Encourages Better Code

A second goal of automated testing is that it encourages writing more modular, composable code. It should be no surprise that solutions made up of small, encapsulated parts is a cleaner, more flexible architecture. It's not just that writing modular code makes testing easier, it's that the very act of testing makes code more clean and modular. For example, if developers know they need to test their code, they'll tend to do a few things, like:

  • compose solutions out of bite-sized functions
  • write in a style that pushes side-effects (like network requests, reading files etc.) to the periphery of the app, so as not to have to "mock the world" when testing.
A Lab to Reproduce Bugs

Once developers have proper tests in place, the tests act as laboratories to reproduce bugs. Automated tests pay for themselves when something like the following happens:

  1. a user or other developer reports a bug.
  2. the developer grabs the data from a log and writes a failing test using that data.
  3. the developer fixes the bug and the test passes.
  4. the developer runs the app, and the bug is fixed.

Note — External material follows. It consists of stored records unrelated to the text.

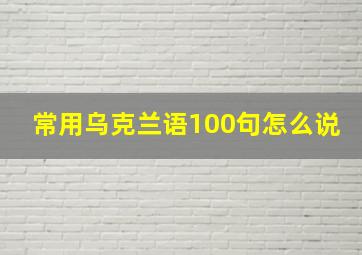 常用乌克兰语100句怎么说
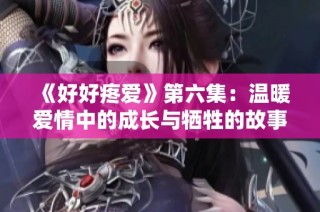 《好好疼爱》第六集：温暖爱情中的成长与牺牲的故事
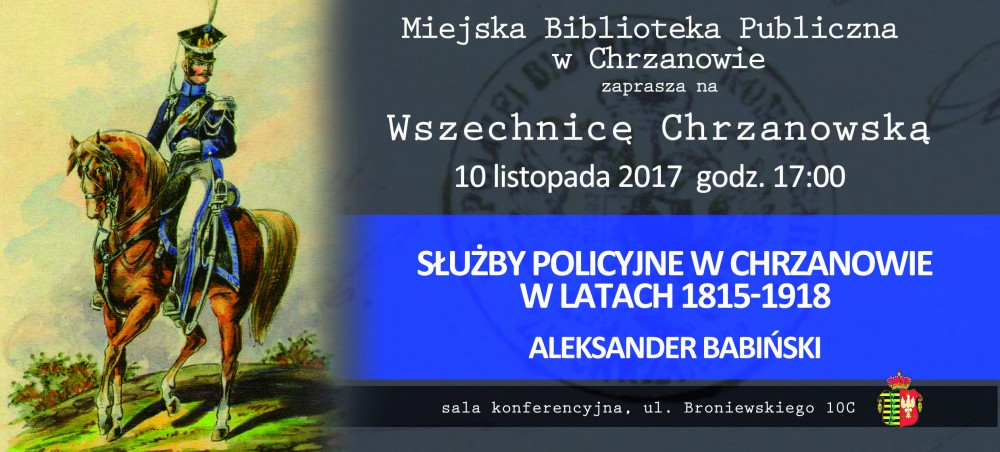 „SŁUŻBY POLICYJNE W CHRZANOWIE W LATACH 1815-1918” ALEKSANDER BABIŃSKI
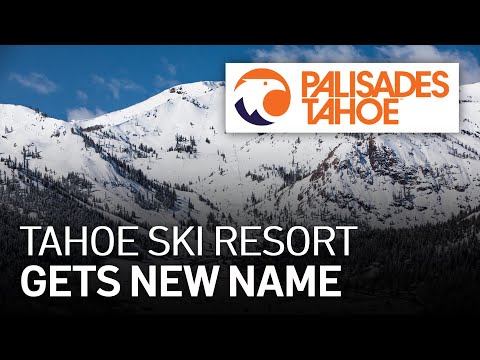 Squaw Valley Ski Resort Changes Name to Palisades Tahoe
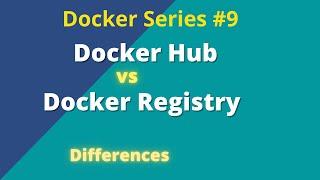 Docker Hub vs Docker Registry Differences in Docker | Docker Series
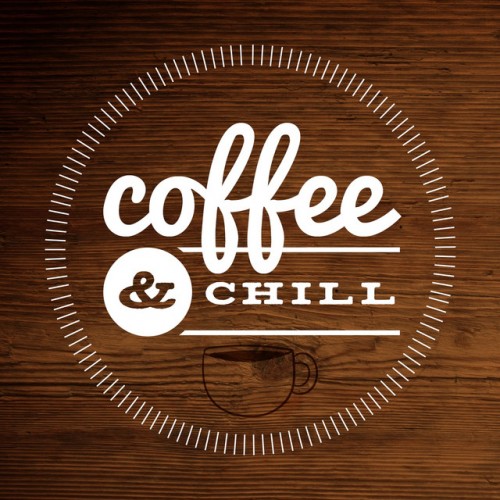 VA - Coffee & Chill (2017)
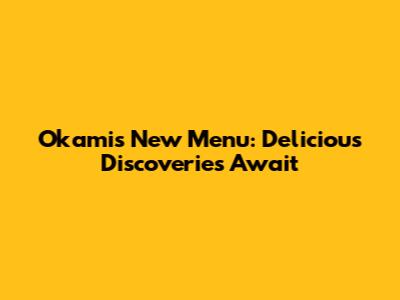 Okami's New Menu: Delicious Discoveries Await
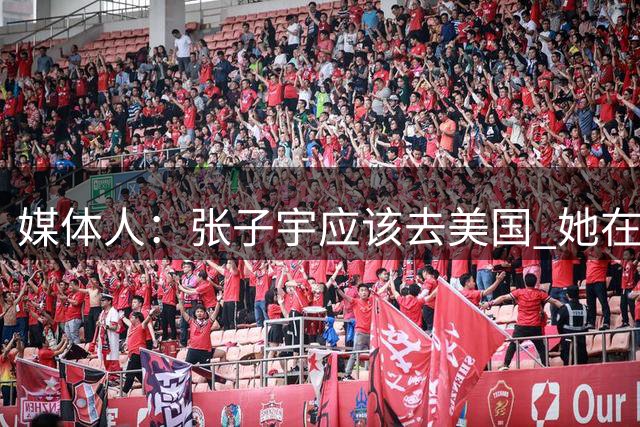 媒体人：张子宇应该去美国 她在国内就只能照现在这样缓步发展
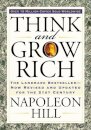 Think and Grow Rich : The Landmark Bestseller Now Revised and Updated for the 21st Century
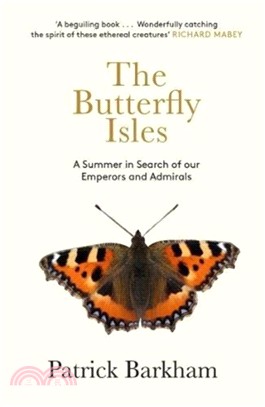 The Butterfly Isles：A Summer In Search Of Our Emperors And Admirals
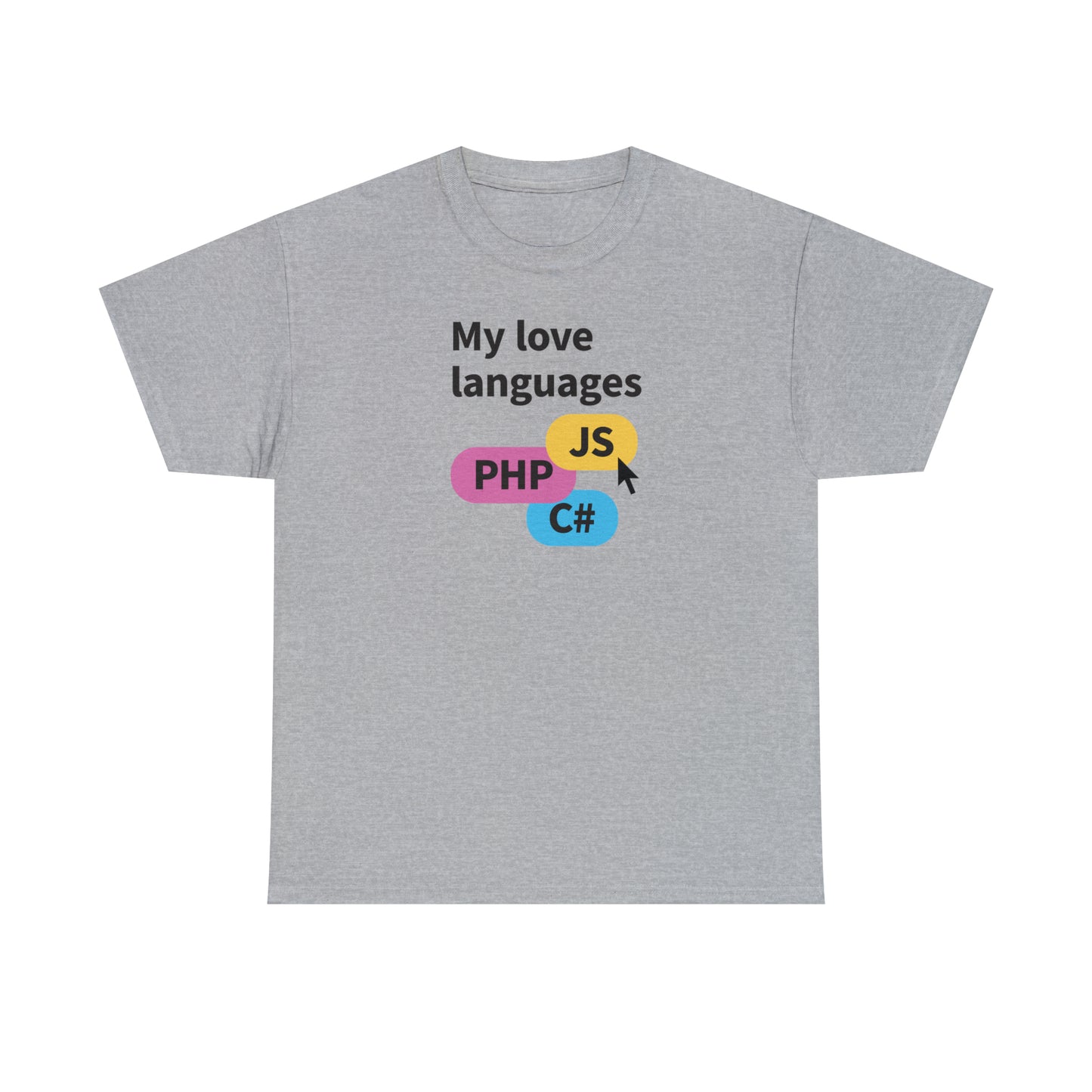 My Love Languages, Software Engineer Programmer T-Shirt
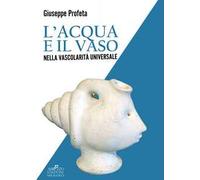 L' acqua e il vaso nella vascolarità universale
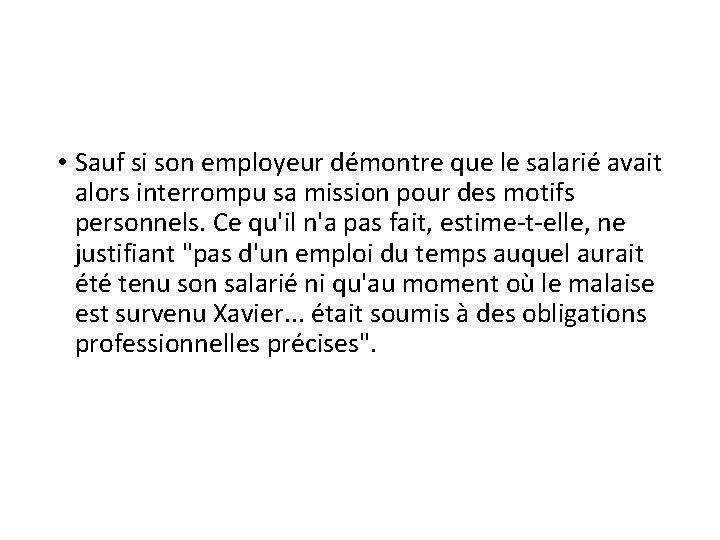  • Sauf si son employeur démontre que le salarié avait alors interrompu sa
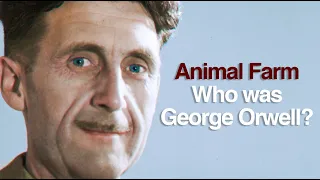 Animal Farm - Who was George Orwell?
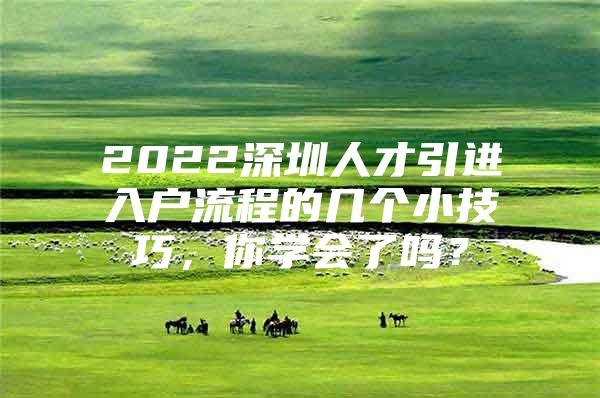 2022深圳人才引进入户流程的几个小技巧，你学会了吗？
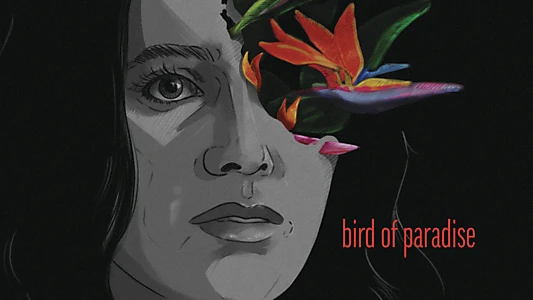 Watch Bird of Paradise Trailer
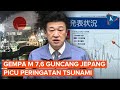 Gempa Magnitudo 7 6 Mengguncang Jepang Peringatan Tsunami Diberlakukan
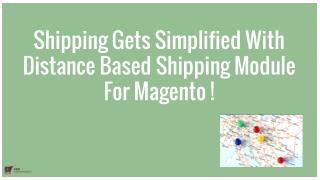 Shipping Gets Simplified With Distance Based Shipping Extension For Magento
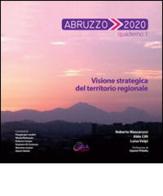 Abruzzo 2020 vol.1 di Roberto Mascarucci, Aldo Cilli, Luisa Volpi edito da Sala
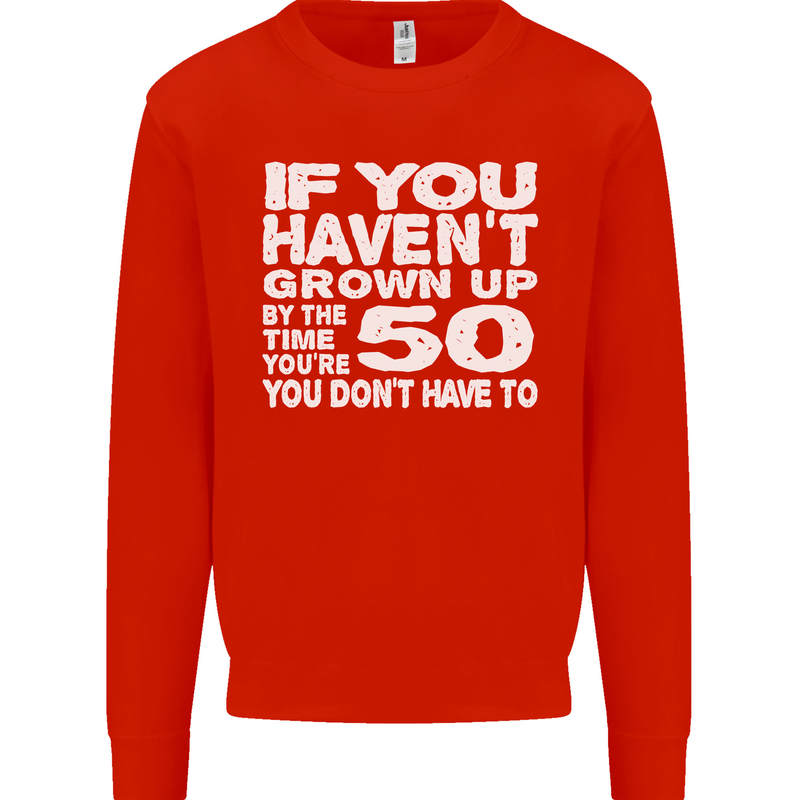 50th Birthday 50 Year Old Don't Grow Up Funny Mens Sweatshirt Jumper Bright Red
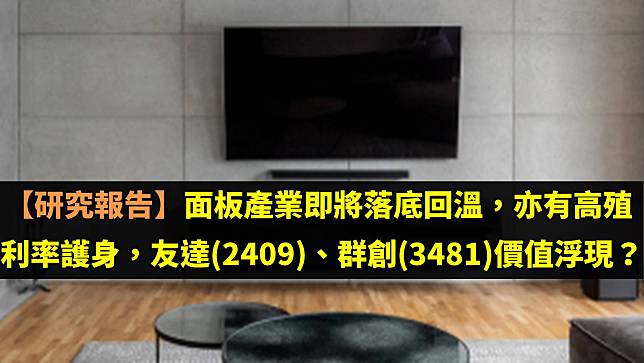 【研究報告】面板產業即將落底回溫，亦有高殖利率護身，友達(2409)、群創(3481)價值浮現？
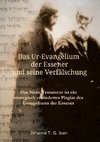 Das Ur-Evangelium der Essener und seine Verfälschung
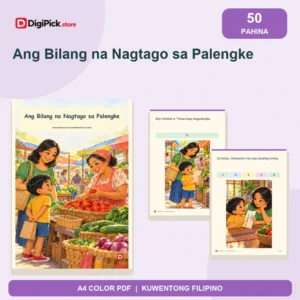 Ang Bilang na Nagtago sa Palengke - 50-Page Filipino Storybook (A4 PDF) - original DigiPick digital product cover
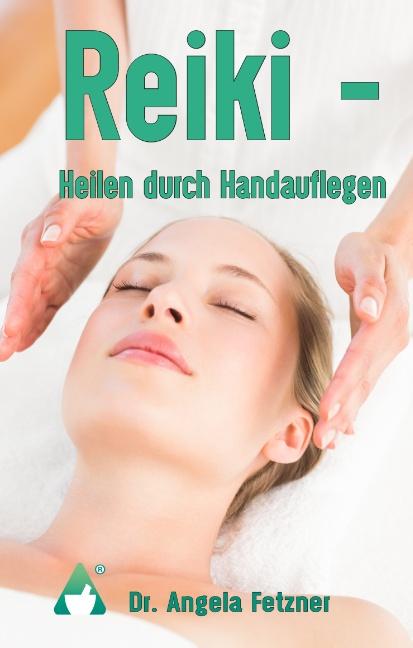 Cover-Bild Reiki - Heilen durch Handauflegen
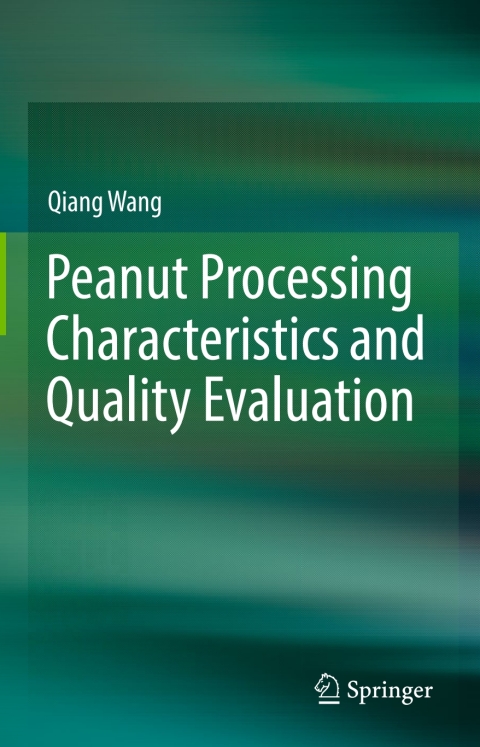 Peanut Processing Characteristics and Quality Evaluation 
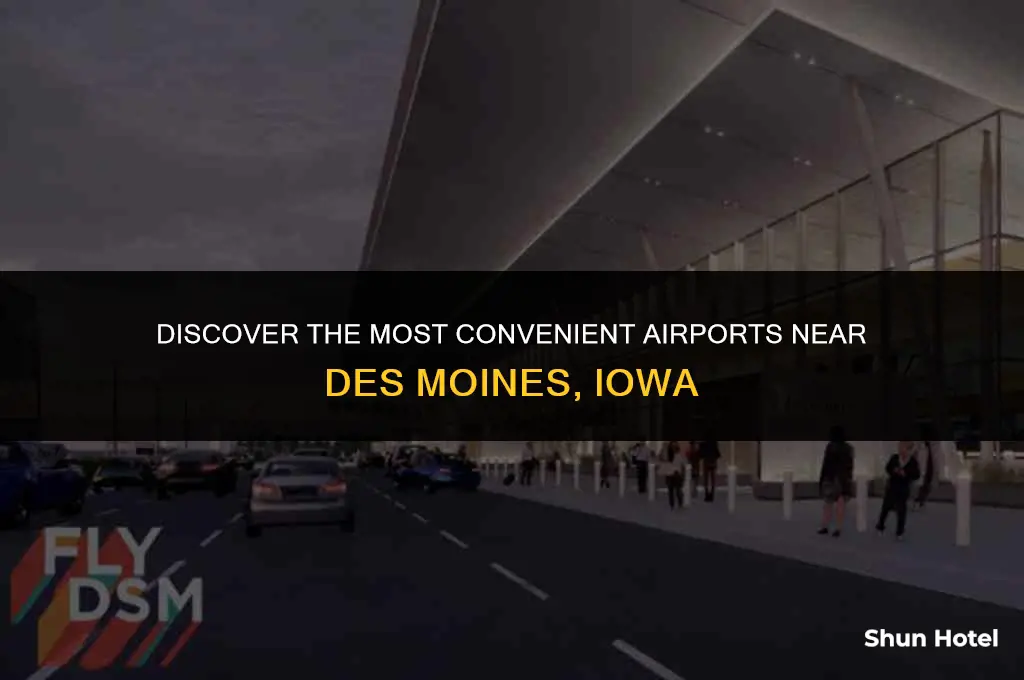 what airports are closest to des moines iowa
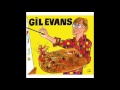 Gil Evans, Ten - Ella Speed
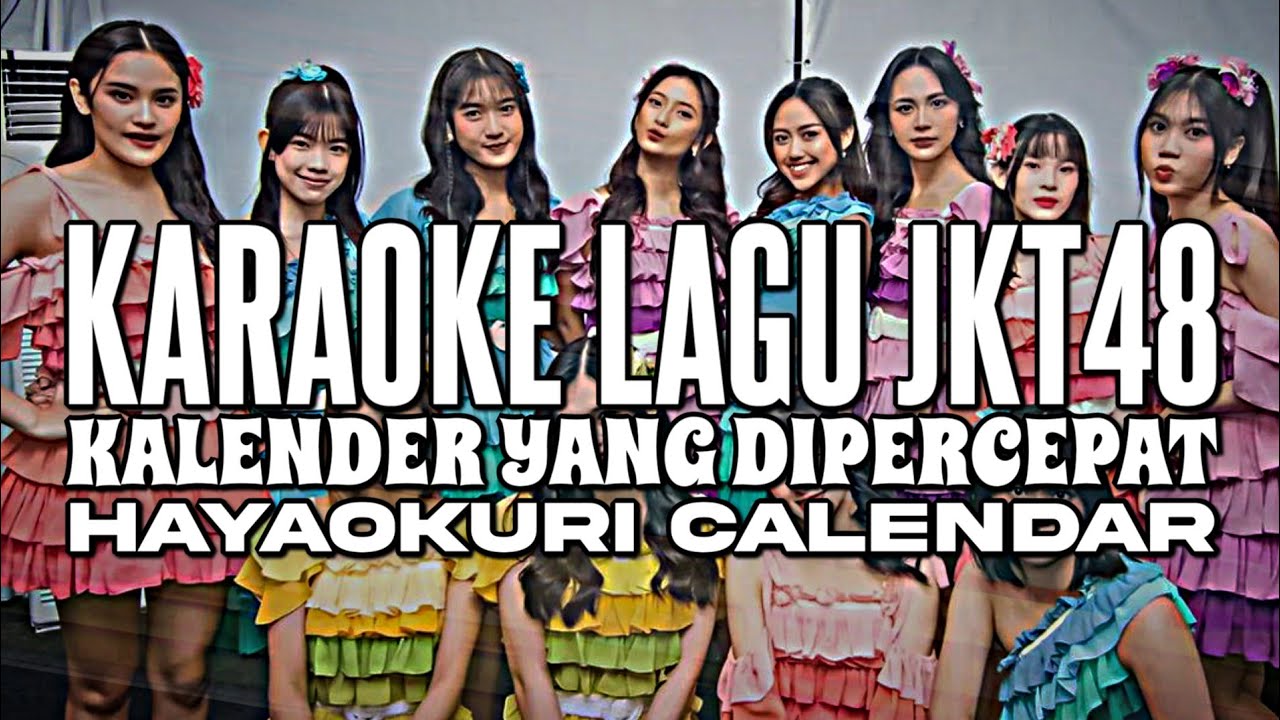 KARAOKE JKT48 - Kalender Yang Dipercepat (Hayaokuri Calendar)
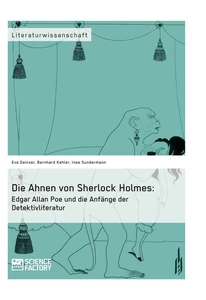 Title: Die Ahnen von Sherlock Holmes: Edgar Allan Poe und die Anfänge der Detektivliteratur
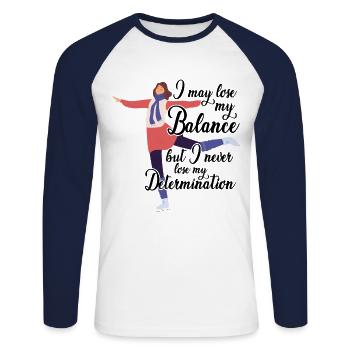 I May Lose My Balance But Never Lose Determination - Unisex Baseballshirt langarm - Weiß/Navy - Vorne - Nik (191cm)
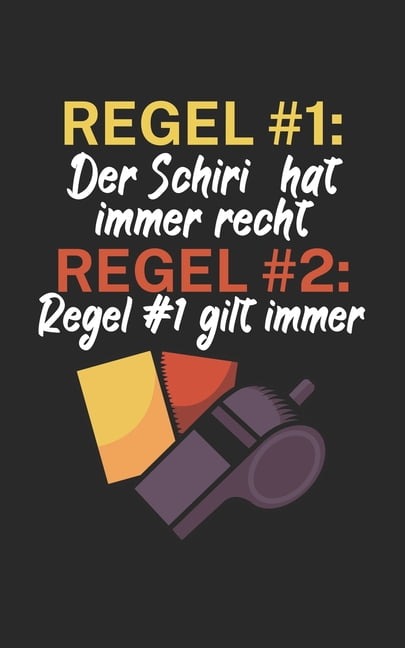 Regel 1 der Schiri hat immer recht Fußball Notizbuch für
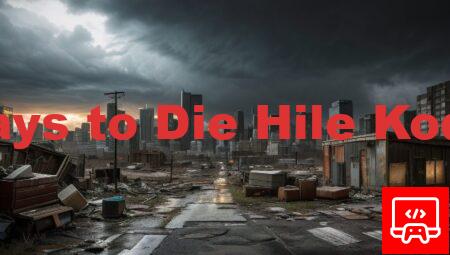7 Days to Die Hile Kodları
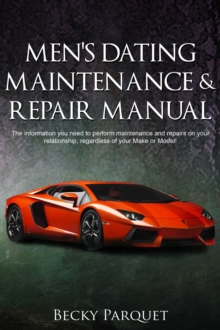 Men's Dating Maintenance & Repair Manual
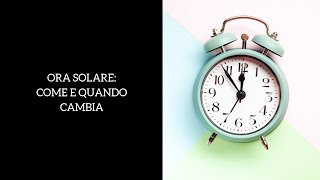 Ora solare 2019 quando e come cambia lora a ottobre [upl. by Aehc]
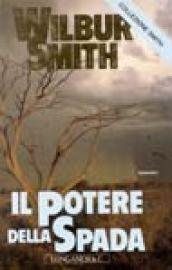 Il potere della spada: Il ciclo dei Courteney d'Africa (La Gaja scienza Vol. 190)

The team can use the test-suite to communicate bugs with each other. The team gets:

  • documentation of the bug/requirement in the form of a test.
  • a regression test that guarantees that bug will stay fixed, forever.

My Recommendation

I hope I've made the case that companies cannot hope to produce more stable, agile software on a whole by focusing entirely on e2e tests. In fact, e2e tests are sometimes used as a cop-out from improving stability and quality by other means. Instead, organizations should focus on the software writing process by encouraging fast, unit and integration testing during development.

When adding a formal code-review process, participants can ask things like, "how do you know that the code you've just written realizes its requirements, and how do you know it will continue to do so?"

The testing process does not have to remain static. That is, developers can start off writing lots of unit tests, but as the solution solidifies, they can rely more on higher-level integration tests that offer more coverage per line of test code written.

I do not mean to say that e2e tests have no place in the software development process. If companies have the resources and dedicated experts to write comprehensive and stable e2e tests, then by all means they should do so. The fact that I haven't seen this successfully improving the quality and reliability of software projects where I've worked doesn't mean that it can't, or hasn't been done. I have, however, found time and time again, that the developer-centered process I've outlined above produces reliable, and more flexible software.

It shouldn't be surprising that a systematic, scientific process for writing software will produce quality results. But this takes practice and maturity, both of which defy shortcuts.